Depois de um par de horas cá fora na conversa enquanto o Dany arranjava um raio da roda de trás que tinha partido, fomos para dentro antes do sol se pôr. Lá estavam duas mauritanas-pretas muito bonitas e a Justine comentou que o homem com quem tínhamos negociado tentava aproveitar-se delas, tocando aqui ou ali, e oferecendo algumas ouguyias, sabe-la lá para quê. Estas miúdas, cobertas com uns longos lenços coloridos, iam entrando e saindo, cozinhando, entre outros afazeres. Outros foram chegando, como um senhor com a vestimenta sarauí que nos ia passando chás com simpatia. Outro rapaz apareceu, este vindo da Costa do Marfim, bem como uma velhota, a primeira mulher que vi por estes lados a fumar.

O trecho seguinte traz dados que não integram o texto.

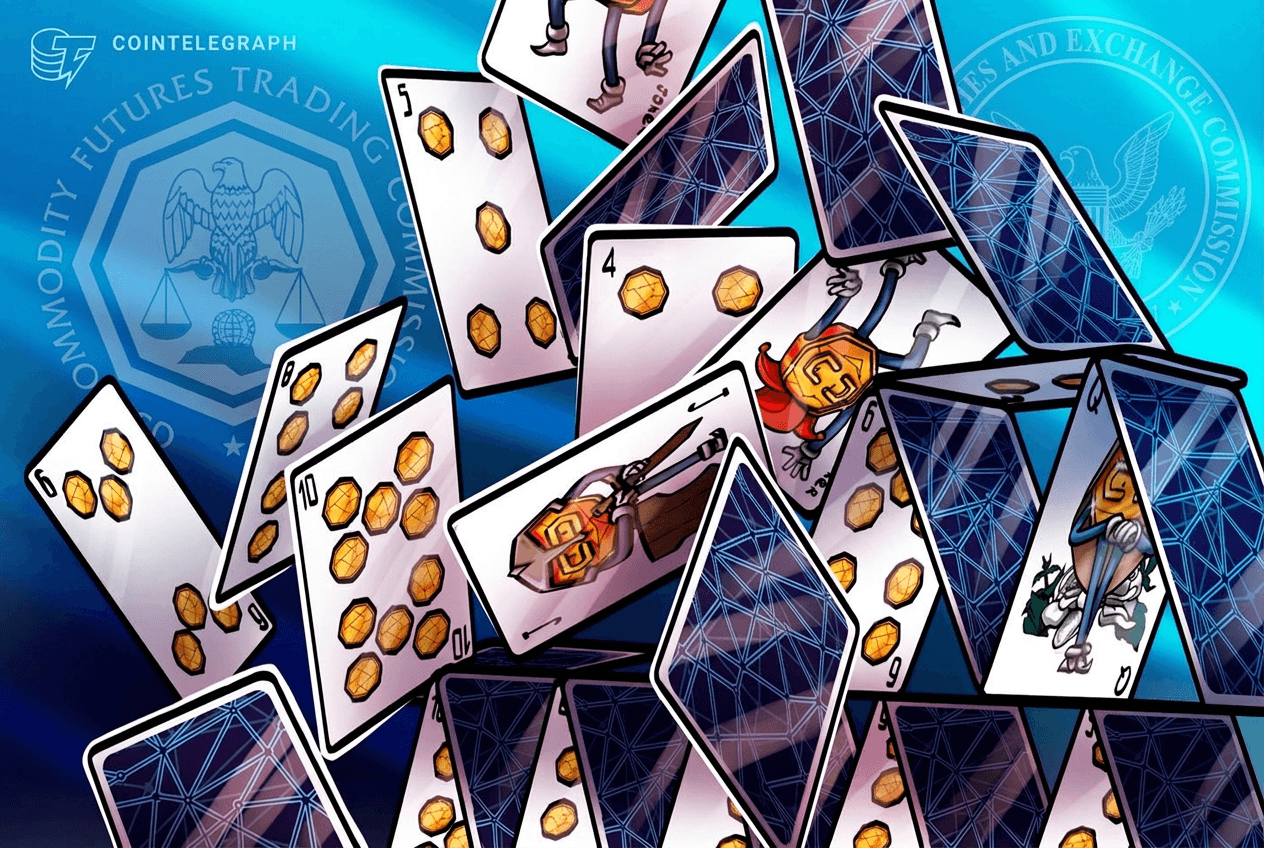 SEC y CFTC demandan a Goliath Ventures por un esquema Ponzi de criptomonedas de $400 millones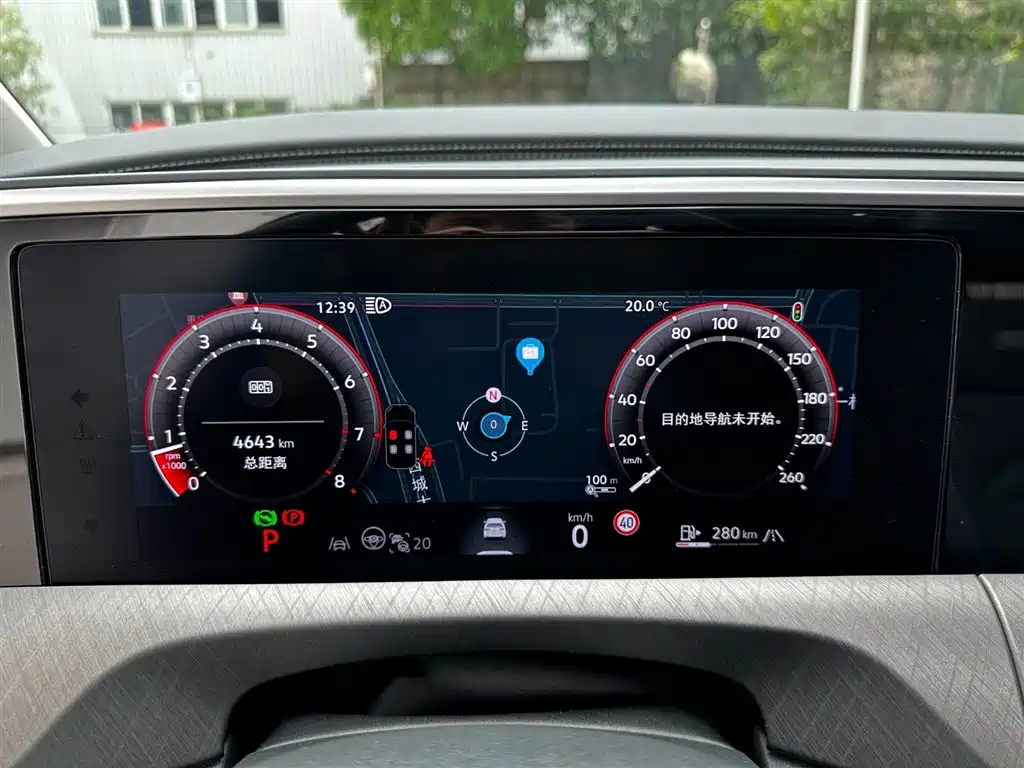 Volkswagen Viloran 2026 450TSI Flagship 6 мест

E com tudo isto… sentado no chão num canto com o Dany e a Justine à volta de uma tigela de massa que comíamos com as mãos, com aquele pessoal à nossa volta, dentro de uma barraca de madeira com várias frestas para o exterior, numa aldeia p’rai com vinte ou trinta casas no deserto, a caminho de Nouakchott, apercebime que uma situação daquelas, para alguém como eu, não era nada normal. Estava ali, longe de casa e longe, muito longe, de pessoas que gostam e querem as mesmas coisas que eu, de certa forma. Estava a improvisar a cada segundo, fosse para comer ou para dormir, e isso arrebatou-me, posso dizer. Gosto de parar um bocado e ver estas realidades. Gosto de me sentir bem onde estou, mas não gosto necessariamente de me sentir em casa. Gosto de me sentir o tão longe de casa quanto possível quando me aventuro mundo fora. Porque para me sentir em casa… Dormi a noite toda de uma só vez, e acordei com o homem do chá a ligar o rádio, de onde se ouvia alguém cantar em honra de Alá, eram sete da manhã, a hora a que tínhamos planeado acordar.

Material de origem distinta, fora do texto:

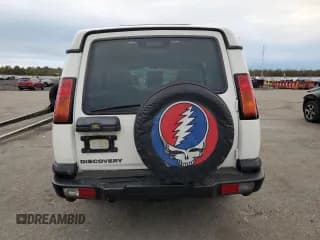 ✅ 2004 Land Rover Discovery SE • VIN: SALTY19444A861322 • Лот: 85672684. Опубликован ранее на Copart с пробегом 143 988 миль. Бесплатный доступ к архиву аукционных продаж из США и подробный отчёт об истории автомобиля на DreamBid. Изображение 6.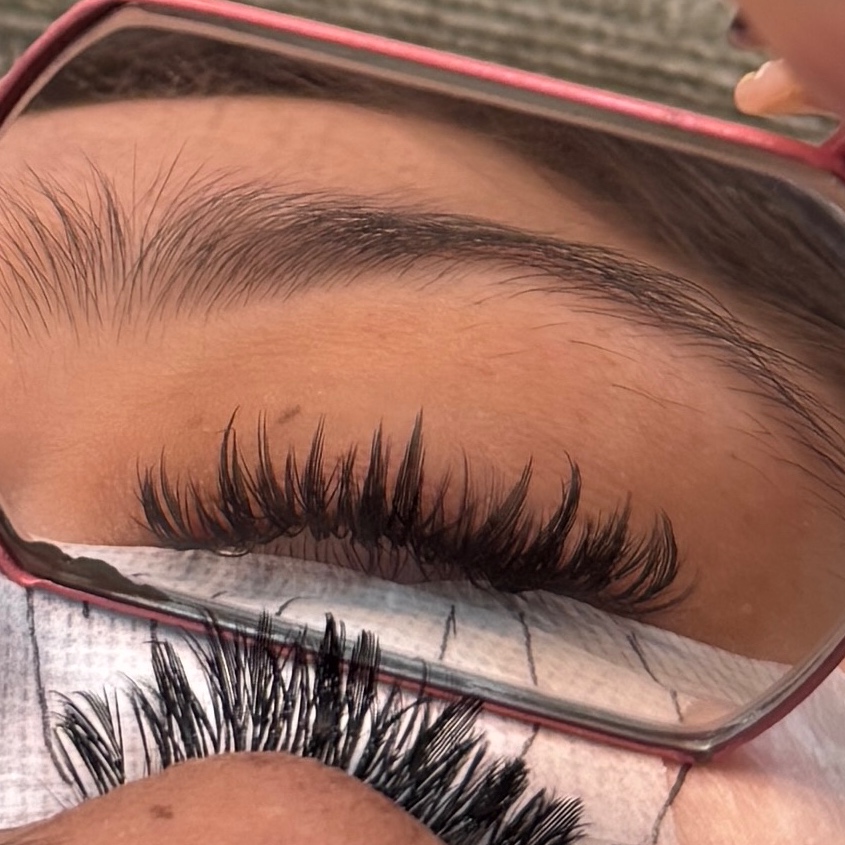 Maintenance Anime Fill at Garden Esthetics in Antioch, CA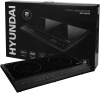 Плита Индукционная Hyundai HYC-0107 черный стеклокерамика (настольная)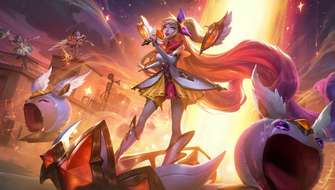 《英雄联盟全队语音功能上线，高效协作新体验》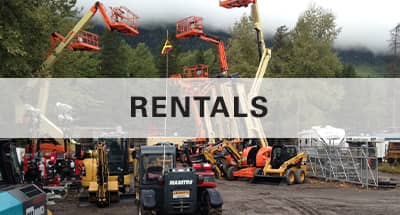 Rentals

Estava um friito fixe, que desapareceu num ápice. Foi um dia duro. Senti-me melhor quando o Dany disse que estava cansado, pois percebi que não era só eu. E, de repente, lá vou eu naquela linha de raciocínio. É preciso ser um egoísta de primeira para me sentir melhor porque não sou o único que está cansado! Que parvoíce! Eu devia era querer que todo o mundo se sentisse bem e só eu estivesse cansado. É deste tipo de egoísmo que me quero livrar. Não creio que influencie muito a minha VIDA, pois sei que, se tivesse escolha, obedeceria à lógica e não seguiria com esse sentimento – não quereria que os outros estivessem mal só porque eu estava mal. Mas, ainda assim, sinto-me mais pesado com este tipo de egoísmo…

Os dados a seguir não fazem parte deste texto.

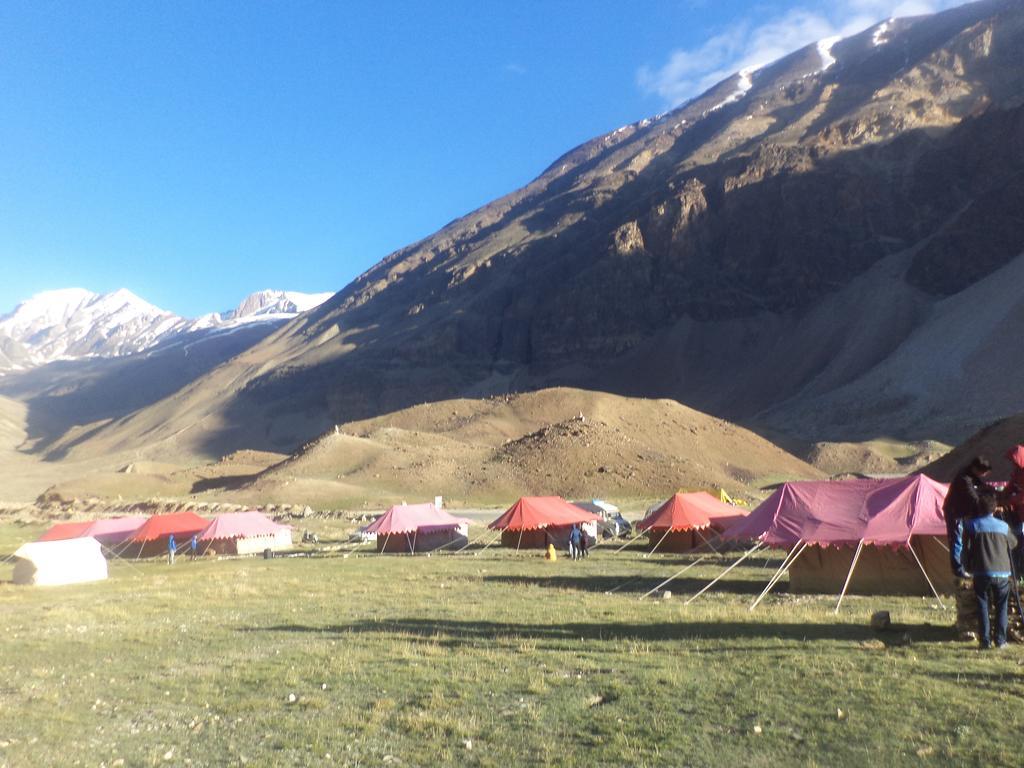 Hotel Himalayan Routes Camp Sarchu Sir Bhum Chun Exterior foto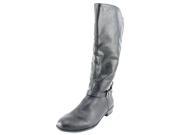 Style Co Faee Women US 7.5 Black Knee High Boot
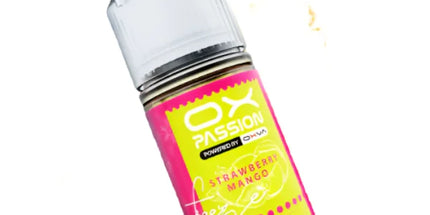 Oxva OX Passion Freeze Strawberry Mango - 30ml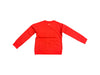 A Red Crewneck Sweatshirts from Nike in size 12Y for boy. (Back View)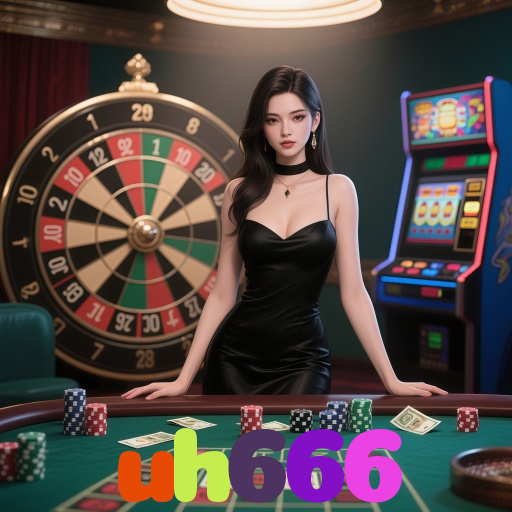 uh666:Aposte nas melhores slots e conquiste prêmios como nunca!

Parámos por uns minutos para dar o passaporte à polícia, depois quando encontrámos o Will, que tinha partido mais cedo, parámos para almoçar. Quando saímos do restaurante, e depois de uma sesta de duas horas, o sol queimava a quarenta e quatro graus, pelo que foi um prazer ver, ao longe, umas casitas aparecerem onde poderíamos acabar a jornada. “Parece uma vila de carnaval” comentei, ao chegar. À nossa direita vi três casas com telhado em bico, como tendas de cimento, logo a seguir um edifício que me lembrava uma mesquita e, ao longo da estrada, a cada sete ou oito metros, por uns duzentos metros, uma barraca, também de telhado em bico, como se aqui chovesse muito.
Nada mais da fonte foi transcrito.